Other significant legislation included the overhaul of the Internal Revenue Code in 1986, as well as the Civil Liberties Act of 1988 which compensated victims of the Japanese American Internment during World War II.

Foreign policy and interventions

Reagan forcefully confronted the Soviet Union, marking a sharp departure from the détente observed by his predecessors Richard Nixon, Gerald Ford, and Jimmy Carter. Under the realization that the Soviet Union could not then outspend the US government in a renewed arms race, he strove to make the Cold War economically and rhetorically hot.

The administration oversaw a massive military build-up that represented a policy called "peace through strength." The Reagan administration set a new policy toward the Soviet Union with the goal to win the Cold War through a three-pronged strategy outlined in NSDD-32 (National Security Decisions Directive). The directive outlined Reagan's plan to confront the Soviet Union on three fronts: economic - decrease Soviet access to high technology and diminish their resources, including depressing the value of Soviet commodities on the world market; military - increase American defense expenditures to strengthen the U.S. negotiating position and force the Soviets to devote more of their economic resources to defense; and clandestine - support anti-Soviet factions around the world from Afghani insurgents to Poland's Solidarity movement. He proposed the Strategic Defense Initiative, dubbed "Star Wars", a space-based missile shield, widely viewed outside the US as an offensive weapon. In October 1986, Reagan met with Mikhail Gorbachev in Iceland where Gorbachev ardently opposed this defensive/offensive shield. By the end of 1991, the Soviet Union was officially dissolved. Former Prime Minister of the United Kingdom Margaret Thatcher said, "Ronald Reagan won the Cold War without firing a shot."

Among European leaders, his main ally and undoubtedly his closest friend was Thatcher, who as British Prime Minister supported Reagan's policies of deterrence against the Soviets.

Although the administration negotiated arms-reduction treaties such as the INF Treaty and START Treaty with the U.S.S.R., it also aimed to increase strategic defense.
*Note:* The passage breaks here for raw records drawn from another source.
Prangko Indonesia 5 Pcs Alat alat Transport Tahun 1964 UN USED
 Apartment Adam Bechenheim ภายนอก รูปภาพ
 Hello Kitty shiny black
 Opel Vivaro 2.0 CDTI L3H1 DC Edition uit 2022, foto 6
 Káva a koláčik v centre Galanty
A controversial plan, named the Strategic Defense Initiative (SDI), was proposed to deploy a space-based defense system to make the U.S. invulnerable to nuclear weapon missile attack, by means of a network of armed satellites orbiting the Earth. Critics dubbed the proposal "Star Wars" and argued that SDI was unrealistic, a violation of ABM treaties, and as a weapon that defends the U.S. if it strikes first, would inflame the Arms Race. Supporters responded that even the threat of SDI forced the Soviets into unsustainable spending to keep up. The technology required to implement SDI is still being researched in the U.S., and it is currently in testing with stations in Alaska and islands in the Pacific Ocean.

Support for anti-communist groups including armed insurgencies against communist governments was also a part of administration policy, referred to by his supporters as the Reagan Doctrine. The administration helped fund central European anti-communist groups such as the Polish Solidarity movement and took a hard line against the Communist regime in Cambodia.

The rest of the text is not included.